Winged daemon Princes. I hate these. Whipping people all over, or slaughtering in H2H. Normally, people say shoot them. Ever faced a daemon army with 3 of them, with a grand total of 4 Twin Linked Lascannons? Didn't think so. If they have two, I'd recommend splitting your fire, unless they just fly away, and whipping your troops away from them. Get each down to 2 wounds, before choosing your Assaults. When you've decided which ones you're going to assault first (if the Chaos Player had sense, he'd split them, so that its got the widest radius for their effects), and do that with as much as you can. Assaulting gets your Marine's away from Thousand Sons and nasty shooters in the Chaos Army. When you've decided on your attack, shooting your Lascannons at the remaining one will see it killed. If not, you've got a charging Daemon Prince up your arse.

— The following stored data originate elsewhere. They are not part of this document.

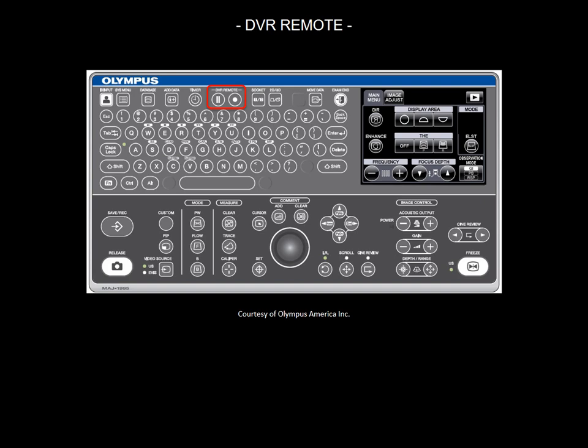The DVR remote allows you to record your exam using an external digital video recorder.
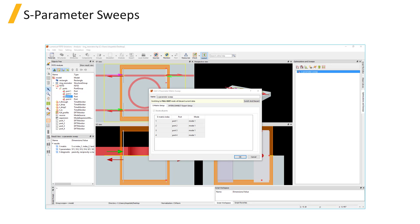Where in each simulation one port mode is excited, and the reflection and transmission through the remaining ports is measured.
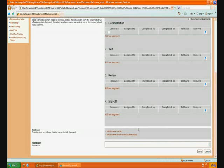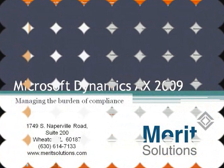We now have to implement the control in the business application, which we're going to do in a later demo. Later we can come back and provide the evidence that we have implemented the control. In this demonstration, we have described the basic processes and the tools available within the compliance center to document our internal processes, risk, and associated controls. The next step is to implement the controls in the business application.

Vespids. These buggers are rather nasty. Shooting them is the way to go forward. Wipe them out. Seriously. Unless you have some Railgun armed vehicles or Battlesuit units (Packing MEQ slaying guns) which can be insta-killed by Lascannons, then target these at them. Luckily, I've fought them only once - While still practising, I opted to go first. Plasma Cannon landed right on, killed 3/5. The other two jumped in, and opened fire on the vanguard. In return, the plasma gun killed the others. Blast Weaponry, with high strength should be targetting these (unless of course, you can insta-kill some suits).

Eldar. Little Buggers. Luckily, they're quite easy to bring down with Boltguns. However, them damn autarchs with Wings have a nasty habit of Popping up as a nice surprise. Heavy Bolters, Plasma Guns, Bolters, Rocks. Throw what you can at them. They eat Marines for breakfast in combat. Unless you've got a Chaos Lord/Chapter Master with Backpack, (why?), or Daemon Prince, I've not found much that equals their effectiveness for jump infantry.

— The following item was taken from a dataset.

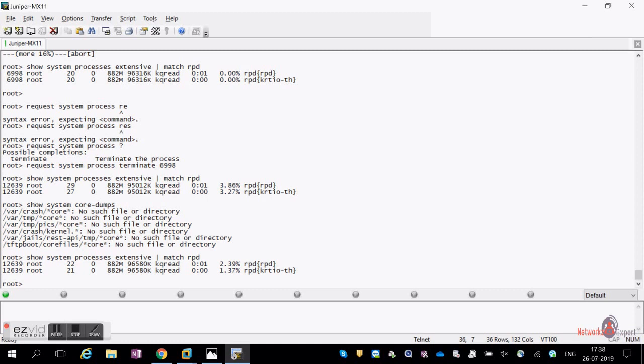Note: there is a separate command to manually generate a core dump. From the CLI you cannot do it directly — you have to go to the shell and execute the command there to create the core dump and reset the process.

Death Company. Cheap Assault Marines, lead by a Combat Monster Chaplain. Excellent. just another thing your army has to fight against in Close Combat, against a Close Combat Specialist army. Power Weapon/Fist armed units (Nobz, Chosen, Vanguard), lead by something which is hefty in CQC (Warboss, Lord, Chaplain/Librarian/Captain), without being too detrimental to your armies effectiveness (Oh - 2 HQ choices are important IMHO against Blood Angels to counter these units, so you've got one left when you see your countering HQ bite the dust against 30+ Assault models).

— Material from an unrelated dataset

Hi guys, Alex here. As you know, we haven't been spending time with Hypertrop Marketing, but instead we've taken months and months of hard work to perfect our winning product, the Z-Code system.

Necrons - don't have one, but spare a thought for Wraiths. Invulnerable, rapid moving power weapon (?) armed monsters, with a penchant for stalling your assault units, and against which your Power Weapons have no more effect than a combat knife. Grey Knights shooty weaponry is pretty handy.

As a side note, imperials can find Grey Knights to be the ultimate as a counter unit. WS5, Str 6 I5 units, lead by Power Weapon armed Justicars, also hitting at Str 6, with True Grit Storm Bolters. A squad of 5 can munch their way through even MEQ full squads. Consider Incinerators for the teleport attack, and Psycannons for Purgation squads. Normal Knights - the only upgrade should be the Justicar has Psycannon Bolts. Terminators. These are teleporters. Consider a Grand Master with Incinerator, and an Elite Choice Grey Knight Terminator Unit, Brother Captain with Incinerator, and as many incinerators as the troops can carry. Try putting them in a Crusader, and your opponents facedrops when he sees 3 Str 6 Flamer Templates hit his Jump Infantry.

Flamers are handy as a Stop Gap if you don't have much to counter an assault. Guardsmen Special Weapon teams, armed with Flamers can clear out a fair amount of close combat nastiness, while Devestators, Havocs and the like each have 4 flamers. Terminators have Assault 4 rending weapons, or Heavy Flamers, followed by an assault move, equipped with Power fists. Daemon Princes - try watching an assault unit get near your Thousand Sons, or tasty havocs, while you're whipping them away.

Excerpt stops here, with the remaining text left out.